RCAC Whole-Floor Downtime and Power Work
Link to update at August 2, 2021 12:24pm EDT UPDATE:
With the POD data center issue resolved, the Weber cluster has been returned back to normal service as of 12:24pm EDT. All queues have been enabled and jobs have resumed scheduling. Please report any issues to rcac-help@purdue.edu
This concludes the whole-floor downtime and maintenance. Thank you for your patience!
Link to update at August 2, 2021 11:59am EDT UPDATE:
Weber networking problem is resolved successfully and the cluster is ready to be returned to service. The RTS process is currently pending on the resolution of the sudden cooling issue in the POD data center.
We will provide another update by 6pm or sooner once the cooling problem is resolved.
Link to update at August 1, 2021 5:57pm EDT UPDATE:
Engineers continue troubleshooting Weber cluster networking issue that prevents it from returning to service. We will provide an update by noon tomorrow, August 2nd.
Link to update at August 1, 2021 2:35pm EDT UPDATE:
As of 2:35pm EDT, Geddes cluster has been returned back to normal service. Please report any issues to rcac-help@purdue.edu
Work continues on bringing Weber cluster back. We appreciate your patience and will provide an update by 6pm tonight.

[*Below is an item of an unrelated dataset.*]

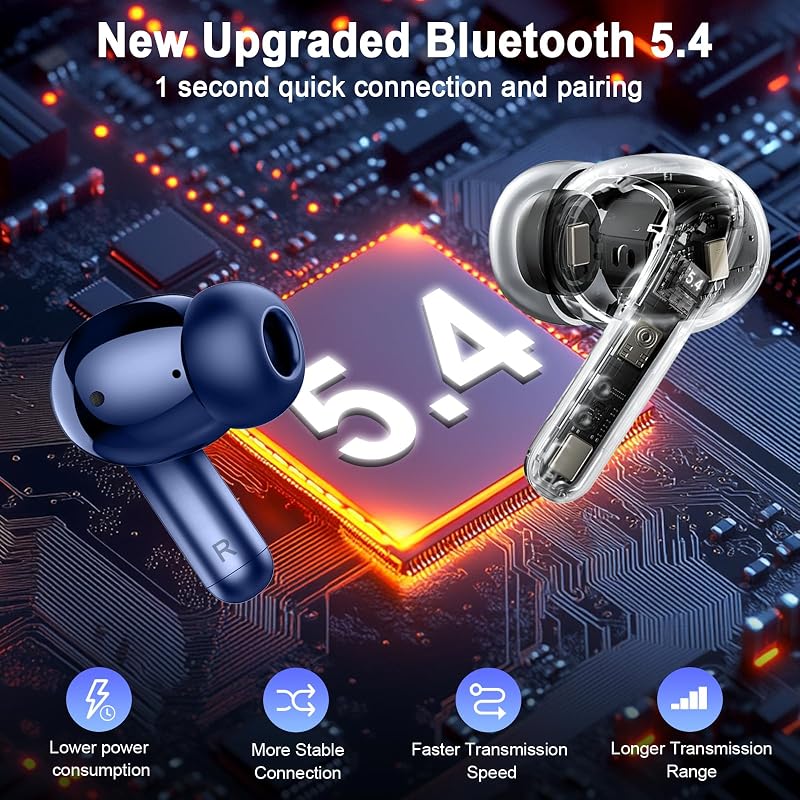 Wireless Earbuds, Bluetooth 5.4 Headphone 3D Stereo Bass Ear Bud, 4 ENC Noise Cancelling Mic, 40+Hrs USB-C in-Ear Earphone, IP-X7 Waterproof Headset Sport Workout Gym for Laptop Pad Android iOS image 3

Link to update at August 1, 2021 2:10pm EDT UPDATE:
As of 2:10pm EDT, Halstead cluster has been returned back to normal service. All queues have been enabled and jobs have resumed scheduling. Please report any issues to rcac-help@purdue.edu
Work continues on bringing Geddes and Weber clusters back. We appreciate your patience and will provide an update by 6pm tonight.
Link to update at August 1, 2021 11:55am EDT UPDATE:
As of 11:55am EDT, the required data center power work has been completed successfully.
Bell, Brown, CMS, Hammer, Gilbreth, Scholar and Workbench clusters have been returned back to normal service. All queues have been enabled and jobs have resumed scheduling. Please report any issues to rcac-help@purdue.edu
Work continues on bringing Halstead, Geddes and Weber clusters back. We appreciate your patience and will provide an update by 6pm tonight.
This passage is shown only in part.